The sounds of rain stopped in the middle of the night and I slipped back into sleep happy to have a dry day tomorrow.
I thought I had slept in late when I awoke with my tent filled with bright light. I checked my watch and it was only seven. I opened my tent to a field of white. Every tree, every bush and the grass were covered with two inches of snow. It had not snowed here in a month and I was not prepared to paddle through ice. To paddle the entirety of the Mississippi River is crazy but to paddle through ice and snow without a dry suit is dumb.
I walked down to the kayak to see how it weathered the storm. Not only was it covered in snow, but a large, thick ice sheet weighted down the half of the boat where rain had collected. I sulked back to the shelter to find that my clothes I hung were frozen. It was going to be a long, boring wait til I could hit the river again.
I played with my gps and found that although I had paddled thirty miles the day before, I was only eight miles from the hostel I stayed at two nights before. I could hike the eight miles for a warm bed or wait around camp. Either way, I knew I needed to paddle at least twenty miles to the next campsite and I would not be able to get on the water today.

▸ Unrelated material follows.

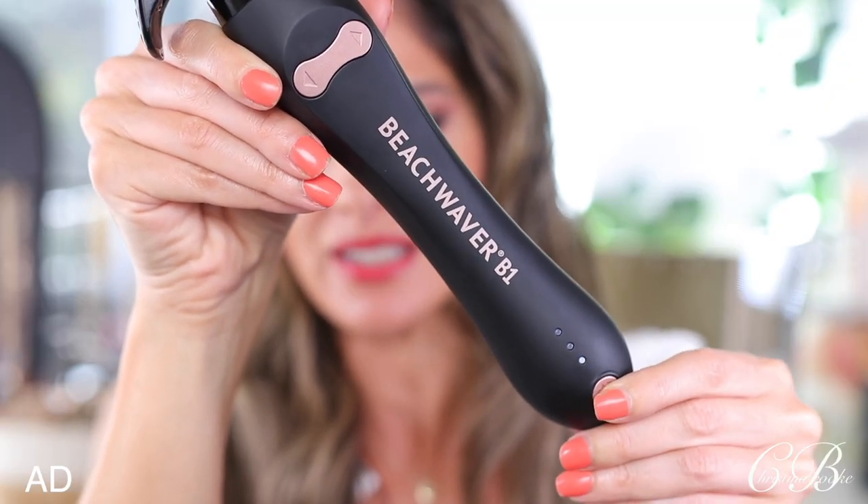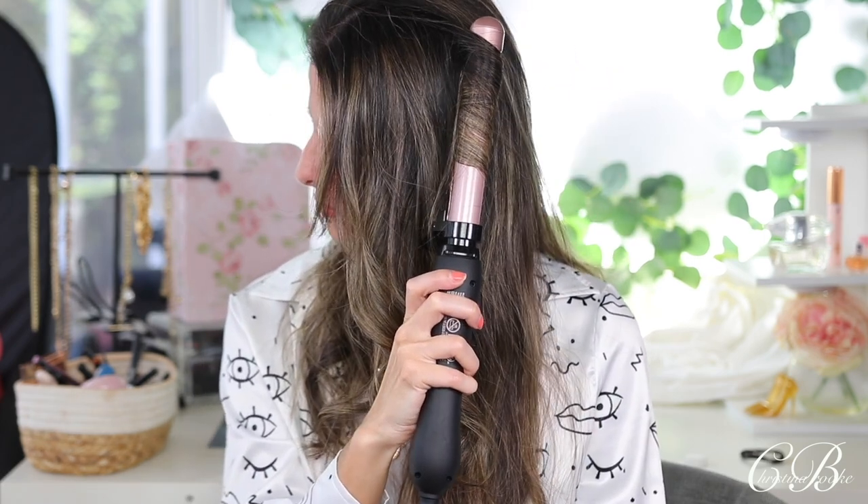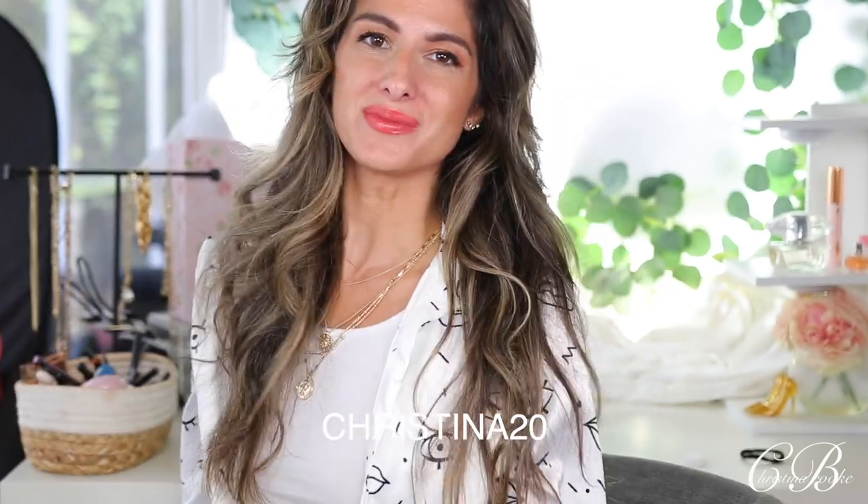It's such a cool product. You can control the heat — I usually like to leave it on two. It has a mechanism that allows it to turn on its own, and there's your beautiful curl. Since they sent it to me I've been using this non-stop and gotten really good at it. Look at these beautiful beach waves! They also sent this cool brush that helps you comb out the hair without removing too much of the wave. If you're interested in picking up this curling wand, I have a code — it's christina20 — and all the information will be down in the description box.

I grabbed all my wet gear and headed in the direction of the road. I walked about five miles before I decided to check to see if my phone that had not gotten a signal in days. I had one bar and called Sarah, the incredibly nice hostel caretaker. I walked another mile until Sarah's husband picked me up and took me to the hostel.
I hated not paddling but there was not many other choices. I walked the two miles to the nearest store and bought a pizza and chocolate chip muffin mix. I ate the pizza and made the muffins as a thank you for Sarah and then sat around waiting for the snow to go away.